I want to thank CNA for uploading videos of these debates on their website for public viewing. I never knew that they were so accessible unless of course this is a new initiative in light of the heatedness of the debate.

Nonetheless it has been incredibly enlightening and insightful to hear our ministers and members of parliament speak. For one, it puts a face and personality to these names.

Honestly other than PM Lee and the various WP members, I do not know the other MPs well. And we wonder why our younger generation are not interested in politics.

Because we don’t know who our politicians are, what they fight for and what kind of discussion goes on behind doors.

No wonder one has the impression that our government is all about PAP vs Opposition.

Although I now am suffering from a massive headache after listening to hours of parliamentary debate, I feel like I can finally appreciate how our government works and the 1001 tradeoffs they have to make in every decision.

I admit the population paper is not an easy decision and while I was initially villified by the population target, the emotions have somewhat abated and I am ready to think about how we can solve this problem aka crisis together.

By the way the 4th train has passed and we have started to form queues to file into the train.

Many MPs both PAP and Opposition have given their views about the paper and I am heartened to hear that they both share the same reservations and concerns for the motion albeit from different angles.

It almost seems to me that the MPs are clamouring for the government to rethink this paper and to proceed with caution.

Wait. Aren’t MPs supposed to form the government? Well I thought so initially but from what I have observed, it seems like most decisions are made by the Cabinet ministers and MPs’ role is to reflect sentiments from their constituency.

That makes sense. No wonder even PAP MPs speak up against the motion. However in an ironic twist, I find it amusing that even if their speech is laden with anti-support, they end their delivery with, ‘I support the motion’ while it seems like the Opposition are the only ones who oppose.

Is there some unspoken rule that PAP MPs cannot disagree?

Now I want to end off with a summary of the exchanges that has drawn my attention and I think is worthy for further deliberation in the policy planning.

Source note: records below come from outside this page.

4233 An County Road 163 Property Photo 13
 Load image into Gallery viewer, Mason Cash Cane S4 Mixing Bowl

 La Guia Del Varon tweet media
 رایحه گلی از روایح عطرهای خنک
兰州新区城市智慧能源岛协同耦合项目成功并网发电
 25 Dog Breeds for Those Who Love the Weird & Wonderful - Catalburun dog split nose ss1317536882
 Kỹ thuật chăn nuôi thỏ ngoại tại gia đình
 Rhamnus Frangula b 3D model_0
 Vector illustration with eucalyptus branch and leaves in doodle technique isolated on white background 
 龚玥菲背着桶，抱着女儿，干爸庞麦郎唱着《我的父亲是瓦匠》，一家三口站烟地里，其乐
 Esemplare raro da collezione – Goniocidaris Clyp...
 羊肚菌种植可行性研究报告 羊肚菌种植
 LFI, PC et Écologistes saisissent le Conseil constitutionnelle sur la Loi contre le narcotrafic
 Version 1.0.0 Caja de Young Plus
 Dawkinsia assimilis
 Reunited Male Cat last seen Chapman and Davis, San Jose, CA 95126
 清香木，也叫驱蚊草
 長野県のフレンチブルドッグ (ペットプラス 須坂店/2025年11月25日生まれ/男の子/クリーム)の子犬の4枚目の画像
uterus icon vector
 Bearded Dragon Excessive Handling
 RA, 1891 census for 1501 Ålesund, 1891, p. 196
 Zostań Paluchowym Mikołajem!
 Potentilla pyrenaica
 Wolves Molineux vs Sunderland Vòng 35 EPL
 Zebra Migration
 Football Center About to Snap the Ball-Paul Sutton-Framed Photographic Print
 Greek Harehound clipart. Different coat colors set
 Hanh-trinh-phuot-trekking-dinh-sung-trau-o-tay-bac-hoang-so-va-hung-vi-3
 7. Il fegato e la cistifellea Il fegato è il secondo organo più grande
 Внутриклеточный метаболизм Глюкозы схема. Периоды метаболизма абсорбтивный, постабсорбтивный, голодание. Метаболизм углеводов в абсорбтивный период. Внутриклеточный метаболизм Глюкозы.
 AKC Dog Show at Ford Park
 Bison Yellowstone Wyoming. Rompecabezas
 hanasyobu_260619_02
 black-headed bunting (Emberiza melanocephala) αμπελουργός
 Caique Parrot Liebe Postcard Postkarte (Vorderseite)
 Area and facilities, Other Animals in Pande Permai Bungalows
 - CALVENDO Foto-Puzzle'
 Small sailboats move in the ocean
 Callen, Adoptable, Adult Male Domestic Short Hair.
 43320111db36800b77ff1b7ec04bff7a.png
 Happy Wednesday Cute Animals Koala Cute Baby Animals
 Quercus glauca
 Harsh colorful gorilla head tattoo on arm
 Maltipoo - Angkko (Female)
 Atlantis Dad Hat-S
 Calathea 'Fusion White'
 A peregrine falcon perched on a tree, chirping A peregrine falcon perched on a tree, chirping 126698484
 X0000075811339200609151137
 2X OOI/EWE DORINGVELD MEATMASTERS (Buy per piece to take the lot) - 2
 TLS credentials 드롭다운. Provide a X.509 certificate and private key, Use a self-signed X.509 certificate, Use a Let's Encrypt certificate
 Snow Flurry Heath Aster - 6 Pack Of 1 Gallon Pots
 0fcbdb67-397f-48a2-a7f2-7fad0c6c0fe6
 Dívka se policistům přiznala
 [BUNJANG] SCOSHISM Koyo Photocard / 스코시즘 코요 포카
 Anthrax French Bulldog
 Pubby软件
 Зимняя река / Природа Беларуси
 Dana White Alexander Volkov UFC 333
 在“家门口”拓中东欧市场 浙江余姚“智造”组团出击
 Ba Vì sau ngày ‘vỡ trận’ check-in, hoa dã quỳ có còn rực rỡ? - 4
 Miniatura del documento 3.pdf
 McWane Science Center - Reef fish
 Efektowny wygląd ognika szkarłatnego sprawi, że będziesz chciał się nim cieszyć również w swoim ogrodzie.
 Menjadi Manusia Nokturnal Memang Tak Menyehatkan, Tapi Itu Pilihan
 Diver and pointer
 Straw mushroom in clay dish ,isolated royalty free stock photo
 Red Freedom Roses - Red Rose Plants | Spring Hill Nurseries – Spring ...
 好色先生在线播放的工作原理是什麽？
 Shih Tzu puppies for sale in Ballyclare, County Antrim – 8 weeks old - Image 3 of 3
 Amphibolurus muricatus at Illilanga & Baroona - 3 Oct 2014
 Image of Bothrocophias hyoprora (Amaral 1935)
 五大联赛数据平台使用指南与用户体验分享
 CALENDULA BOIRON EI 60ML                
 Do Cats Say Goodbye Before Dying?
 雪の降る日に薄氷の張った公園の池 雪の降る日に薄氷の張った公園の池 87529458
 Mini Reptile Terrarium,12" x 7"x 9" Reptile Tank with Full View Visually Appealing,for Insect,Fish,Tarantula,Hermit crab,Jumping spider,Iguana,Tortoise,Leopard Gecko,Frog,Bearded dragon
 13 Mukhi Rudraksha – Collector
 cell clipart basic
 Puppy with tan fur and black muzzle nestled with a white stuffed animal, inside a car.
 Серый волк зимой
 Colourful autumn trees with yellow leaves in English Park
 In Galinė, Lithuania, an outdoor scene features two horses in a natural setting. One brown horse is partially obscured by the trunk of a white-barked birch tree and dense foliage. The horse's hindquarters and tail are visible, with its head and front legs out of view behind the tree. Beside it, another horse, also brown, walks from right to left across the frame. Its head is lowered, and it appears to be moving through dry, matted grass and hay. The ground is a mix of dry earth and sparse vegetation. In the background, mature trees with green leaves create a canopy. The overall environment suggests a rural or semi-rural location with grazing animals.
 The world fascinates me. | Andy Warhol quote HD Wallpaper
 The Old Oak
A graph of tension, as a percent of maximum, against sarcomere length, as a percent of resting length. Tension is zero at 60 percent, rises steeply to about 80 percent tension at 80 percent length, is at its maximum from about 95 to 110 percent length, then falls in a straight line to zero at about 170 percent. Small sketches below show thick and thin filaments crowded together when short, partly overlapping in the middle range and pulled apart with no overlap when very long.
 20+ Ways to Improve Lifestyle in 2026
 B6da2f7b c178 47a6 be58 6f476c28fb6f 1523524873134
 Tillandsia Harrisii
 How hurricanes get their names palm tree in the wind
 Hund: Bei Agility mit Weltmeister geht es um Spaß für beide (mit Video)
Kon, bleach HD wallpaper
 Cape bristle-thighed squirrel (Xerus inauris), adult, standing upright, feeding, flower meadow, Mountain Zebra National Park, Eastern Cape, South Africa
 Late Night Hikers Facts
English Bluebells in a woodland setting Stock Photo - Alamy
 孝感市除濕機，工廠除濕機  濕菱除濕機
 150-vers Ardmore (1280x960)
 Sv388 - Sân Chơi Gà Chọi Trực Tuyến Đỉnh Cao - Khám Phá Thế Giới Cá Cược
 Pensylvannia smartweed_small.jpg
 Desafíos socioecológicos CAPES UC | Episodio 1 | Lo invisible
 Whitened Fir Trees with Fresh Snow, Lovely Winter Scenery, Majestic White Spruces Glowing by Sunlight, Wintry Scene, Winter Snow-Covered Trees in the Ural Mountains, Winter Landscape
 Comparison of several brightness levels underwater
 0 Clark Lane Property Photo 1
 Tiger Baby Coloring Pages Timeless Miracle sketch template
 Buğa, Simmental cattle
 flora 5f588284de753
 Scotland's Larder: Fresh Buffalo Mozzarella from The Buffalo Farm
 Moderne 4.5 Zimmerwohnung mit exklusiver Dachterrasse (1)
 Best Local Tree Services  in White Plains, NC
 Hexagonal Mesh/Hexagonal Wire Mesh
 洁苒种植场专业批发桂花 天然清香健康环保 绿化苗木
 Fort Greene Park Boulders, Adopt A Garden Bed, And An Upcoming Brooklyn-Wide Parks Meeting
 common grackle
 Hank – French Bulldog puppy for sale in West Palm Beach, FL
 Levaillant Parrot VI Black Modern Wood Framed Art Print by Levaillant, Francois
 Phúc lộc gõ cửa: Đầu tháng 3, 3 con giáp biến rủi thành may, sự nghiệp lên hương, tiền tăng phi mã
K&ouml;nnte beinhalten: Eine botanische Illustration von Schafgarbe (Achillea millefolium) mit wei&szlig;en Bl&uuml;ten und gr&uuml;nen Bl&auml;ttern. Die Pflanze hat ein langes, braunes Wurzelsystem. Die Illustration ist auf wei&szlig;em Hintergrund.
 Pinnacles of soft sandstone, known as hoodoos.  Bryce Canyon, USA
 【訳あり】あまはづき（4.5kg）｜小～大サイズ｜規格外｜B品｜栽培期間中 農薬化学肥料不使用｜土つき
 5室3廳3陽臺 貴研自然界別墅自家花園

1. The paper was written on the premise of certain GDP targets. But it does not show how this translates into real income effect on every day Singaporeans. What is the point of growth if our cost of living grows with it? We are not better off but rather increasingly stressed.

2. Stats were given that over the last decade, wages’ share of our GDP growth only constituted 40+% while the other half was dominated by company profits. In fact, the ministers’ defense for their policy is that by cutting off foreign labour supply, local businesses will suffer and may decide to relocate, causing many to lose employment.

One cannot help but feel that our govt may be liberally pro-business with the hopes that the fruits of a vibrant economy will naturally flow into tangible benefits for its citizens. I cannot help but wonder if a profit generating mechanism would readily transfer their gains without government intervention.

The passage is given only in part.